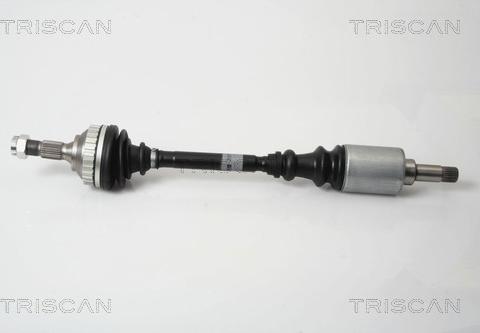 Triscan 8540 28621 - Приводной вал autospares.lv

...

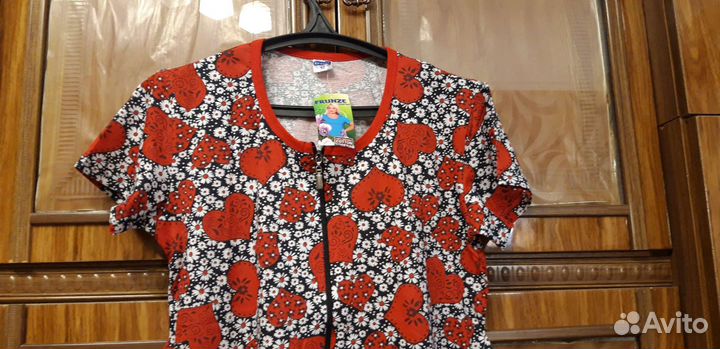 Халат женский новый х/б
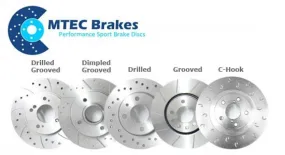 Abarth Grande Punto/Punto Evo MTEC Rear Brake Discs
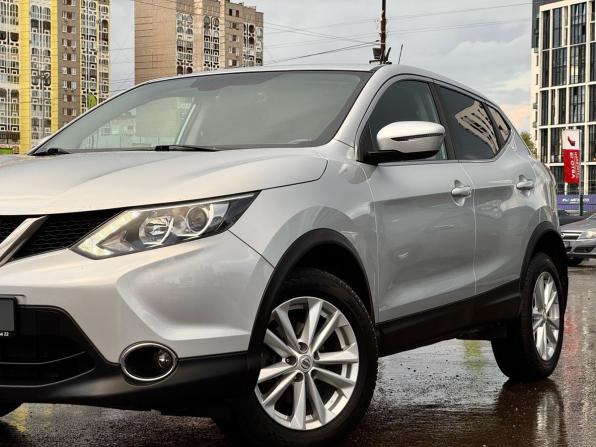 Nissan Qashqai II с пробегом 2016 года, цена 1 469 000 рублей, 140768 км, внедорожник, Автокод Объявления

_Work to be completed_
Although the records above contain pictures, the copy should not; retype exactly the lines from the one containing "Abarth Grande Punto/Punto" through the one containing "Nissan Qashqai II".

_Solution_
 Abarth Grande Punto/Punto Evo MTEC Rear Brake Discs
 Nissan Qashqai II с пробегом 2016 года, цена 1 469 000 рублей, 140768 км, внедорожник, Автокод Объявления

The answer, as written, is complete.